MapReduce is problem specific.
- Naiad is less problem specific and allows you to do more.

Programming to an abstraction that is efficiently parllel. We have learnt all about infrastructure until now. Classic OS abstractions were about files. Now we used programming abstraction.

Example: word frequency in a document.

How does it work?

Two steps. Map and Reduce. The user writes theses.
- Map takes a single input key-value pair (eg. a named document) and converts it to an intermediate (k,v) representation. A list of new key-values.
- Reduce: Take the intermediate representation and merge the values.

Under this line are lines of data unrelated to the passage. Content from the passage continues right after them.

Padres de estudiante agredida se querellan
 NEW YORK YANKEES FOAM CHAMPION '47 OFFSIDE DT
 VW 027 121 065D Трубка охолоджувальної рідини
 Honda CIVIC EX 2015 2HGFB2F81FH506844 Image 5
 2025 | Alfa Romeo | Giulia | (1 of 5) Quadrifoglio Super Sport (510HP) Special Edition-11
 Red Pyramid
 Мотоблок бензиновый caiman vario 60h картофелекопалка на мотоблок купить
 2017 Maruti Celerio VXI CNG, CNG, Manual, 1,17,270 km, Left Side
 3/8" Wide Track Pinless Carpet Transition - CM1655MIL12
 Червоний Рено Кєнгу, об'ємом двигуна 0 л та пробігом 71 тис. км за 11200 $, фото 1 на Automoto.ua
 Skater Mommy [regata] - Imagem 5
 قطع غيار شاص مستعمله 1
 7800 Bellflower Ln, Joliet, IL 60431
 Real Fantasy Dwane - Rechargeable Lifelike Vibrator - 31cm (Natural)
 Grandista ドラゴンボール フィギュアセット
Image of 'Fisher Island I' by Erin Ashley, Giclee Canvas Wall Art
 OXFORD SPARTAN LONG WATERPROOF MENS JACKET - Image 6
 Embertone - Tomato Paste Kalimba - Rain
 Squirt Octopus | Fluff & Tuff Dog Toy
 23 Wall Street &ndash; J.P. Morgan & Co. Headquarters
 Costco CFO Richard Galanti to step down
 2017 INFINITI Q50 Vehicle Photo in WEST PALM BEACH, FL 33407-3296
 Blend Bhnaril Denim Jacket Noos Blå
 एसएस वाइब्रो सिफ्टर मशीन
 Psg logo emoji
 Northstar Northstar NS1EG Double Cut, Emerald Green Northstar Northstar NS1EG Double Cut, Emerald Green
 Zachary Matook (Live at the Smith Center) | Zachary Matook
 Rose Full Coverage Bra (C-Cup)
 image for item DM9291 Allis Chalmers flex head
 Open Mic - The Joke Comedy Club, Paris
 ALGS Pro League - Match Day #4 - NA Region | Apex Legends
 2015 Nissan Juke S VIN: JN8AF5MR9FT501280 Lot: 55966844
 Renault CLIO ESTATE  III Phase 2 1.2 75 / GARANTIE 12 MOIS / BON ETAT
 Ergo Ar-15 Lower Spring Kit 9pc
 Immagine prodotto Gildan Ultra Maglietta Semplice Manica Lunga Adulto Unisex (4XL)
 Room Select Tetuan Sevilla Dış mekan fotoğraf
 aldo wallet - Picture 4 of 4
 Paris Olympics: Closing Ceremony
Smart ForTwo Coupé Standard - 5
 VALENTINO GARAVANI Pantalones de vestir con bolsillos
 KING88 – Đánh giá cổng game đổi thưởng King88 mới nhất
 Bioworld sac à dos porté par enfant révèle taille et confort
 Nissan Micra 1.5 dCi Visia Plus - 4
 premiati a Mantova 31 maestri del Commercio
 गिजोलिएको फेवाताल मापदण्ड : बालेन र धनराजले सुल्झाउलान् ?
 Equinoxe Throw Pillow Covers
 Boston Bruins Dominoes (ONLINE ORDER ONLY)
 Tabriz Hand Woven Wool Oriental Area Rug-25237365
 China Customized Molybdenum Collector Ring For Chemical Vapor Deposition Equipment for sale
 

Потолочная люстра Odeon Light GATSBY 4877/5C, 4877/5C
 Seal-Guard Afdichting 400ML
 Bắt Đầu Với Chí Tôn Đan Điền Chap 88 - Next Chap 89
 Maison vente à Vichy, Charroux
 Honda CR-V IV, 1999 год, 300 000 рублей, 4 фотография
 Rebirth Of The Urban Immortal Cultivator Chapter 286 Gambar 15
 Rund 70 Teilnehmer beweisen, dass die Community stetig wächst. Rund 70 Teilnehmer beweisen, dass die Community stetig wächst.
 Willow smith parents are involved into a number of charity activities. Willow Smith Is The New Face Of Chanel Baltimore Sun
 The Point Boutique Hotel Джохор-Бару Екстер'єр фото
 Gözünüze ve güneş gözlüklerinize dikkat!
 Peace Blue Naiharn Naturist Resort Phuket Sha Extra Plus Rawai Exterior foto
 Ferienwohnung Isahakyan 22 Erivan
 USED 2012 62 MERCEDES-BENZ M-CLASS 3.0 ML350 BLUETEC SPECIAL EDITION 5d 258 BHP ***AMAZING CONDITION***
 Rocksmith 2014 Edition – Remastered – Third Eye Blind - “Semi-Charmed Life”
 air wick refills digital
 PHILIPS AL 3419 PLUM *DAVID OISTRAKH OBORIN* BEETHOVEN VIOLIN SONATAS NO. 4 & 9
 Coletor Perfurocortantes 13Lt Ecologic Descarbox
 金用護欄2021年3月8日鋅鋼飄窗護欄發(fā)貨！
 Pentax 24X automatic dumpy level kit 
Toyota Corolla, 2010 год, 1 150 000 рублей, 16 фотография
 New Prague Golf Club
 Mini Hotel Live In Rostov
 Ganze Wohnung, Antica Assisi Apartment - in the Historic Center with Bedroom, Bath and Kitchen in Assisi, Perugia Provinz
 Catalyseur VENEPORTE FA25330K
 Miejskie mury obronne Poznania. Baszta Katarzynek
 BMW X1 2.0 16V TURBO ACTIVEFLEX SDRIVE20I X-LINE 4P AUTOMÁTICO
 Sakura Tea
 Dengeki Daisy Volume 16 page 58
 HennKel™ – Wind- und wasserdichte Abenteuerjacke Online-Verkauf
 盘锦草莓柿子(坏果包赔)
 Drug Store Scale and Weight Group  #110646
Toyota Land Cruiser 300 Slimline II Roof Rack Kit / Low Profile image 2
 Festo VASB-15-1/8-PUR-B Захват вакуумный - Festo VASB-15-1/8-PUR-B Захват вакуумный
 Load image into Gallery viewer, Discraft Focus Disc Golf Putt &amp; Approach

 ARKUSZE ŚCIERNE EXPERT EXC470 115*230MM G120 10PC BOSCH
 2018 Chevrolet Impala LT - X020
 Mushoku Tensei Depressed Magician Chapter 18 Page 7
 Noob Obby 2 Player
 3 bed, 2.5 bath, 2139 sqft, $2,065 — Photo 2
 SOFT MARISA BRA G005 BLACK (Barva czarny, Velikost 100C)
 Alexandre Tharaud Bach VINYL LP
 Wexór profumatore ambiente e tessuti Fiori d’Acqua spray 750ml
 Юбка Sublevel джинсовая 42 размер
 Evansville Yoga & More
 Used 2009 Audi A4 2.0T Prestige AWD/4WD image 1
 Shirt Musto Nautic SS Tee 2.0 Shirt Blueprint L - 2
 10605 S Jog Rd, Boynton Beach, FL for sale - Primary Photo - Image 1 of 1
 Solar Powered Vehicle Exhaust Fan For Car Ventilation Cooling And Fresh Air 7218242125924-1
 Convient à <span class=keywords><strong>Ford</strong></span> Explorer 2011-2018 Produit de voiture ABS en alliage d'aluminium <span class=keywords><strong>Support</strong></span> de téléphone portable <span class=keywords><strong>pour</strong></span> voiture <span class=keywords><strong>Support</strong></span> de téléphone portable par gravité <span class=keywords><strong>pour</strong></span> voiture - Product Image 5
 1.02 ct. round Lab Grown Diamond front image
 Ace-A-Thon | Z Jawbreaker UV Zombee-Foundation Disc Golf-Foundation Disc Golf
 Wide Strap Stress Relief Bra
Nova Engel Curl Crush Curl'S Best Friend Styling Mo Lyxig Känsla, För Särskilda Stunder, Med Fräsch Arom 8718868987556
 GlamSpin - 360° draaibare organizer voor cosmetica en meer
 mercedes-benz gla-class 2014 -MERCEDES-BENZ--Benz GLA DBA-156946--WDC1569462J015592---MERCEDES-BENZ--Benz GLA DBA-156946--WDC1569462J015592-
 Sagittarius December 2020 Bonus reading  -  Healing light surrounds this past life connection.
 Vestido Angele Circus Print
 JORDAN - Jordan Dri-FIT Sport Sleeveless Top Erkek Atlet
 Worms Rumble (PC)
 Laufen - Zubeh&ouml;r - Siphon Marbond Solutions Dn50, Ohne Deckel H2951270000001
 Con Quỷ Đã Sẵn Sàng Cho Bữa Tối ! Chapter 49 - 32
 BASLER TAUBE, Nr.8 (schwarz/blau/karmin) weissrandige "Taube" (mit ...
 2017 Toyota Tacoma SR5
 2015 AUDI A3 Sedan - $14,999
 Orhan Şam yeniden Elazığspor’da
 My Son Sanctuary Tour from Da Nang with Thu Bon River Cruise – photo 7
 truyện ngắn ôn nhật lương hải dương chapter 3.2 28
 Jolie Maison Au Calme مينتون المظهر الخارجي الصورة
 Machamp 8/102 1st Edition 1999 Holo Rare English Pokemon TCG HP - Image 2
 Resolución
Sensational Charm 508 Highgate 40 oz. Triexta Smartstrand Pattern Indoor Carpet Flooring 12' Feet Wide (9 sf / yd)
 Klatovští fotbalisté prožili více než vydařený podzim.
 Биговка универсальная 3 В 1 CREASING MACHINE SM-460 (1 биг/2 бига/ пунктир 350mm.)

Programs written in this functional style are automatically parallelized and executed on a large cluster of commodity machines. The run-time system takes care of the details of partitioning the input data, scheduling the program's execution across a set of machines, handling machine failures, and managing the required inter-machine communication.

Execution

When the user program calls the MapReduce function, the following sequence of actions occurs.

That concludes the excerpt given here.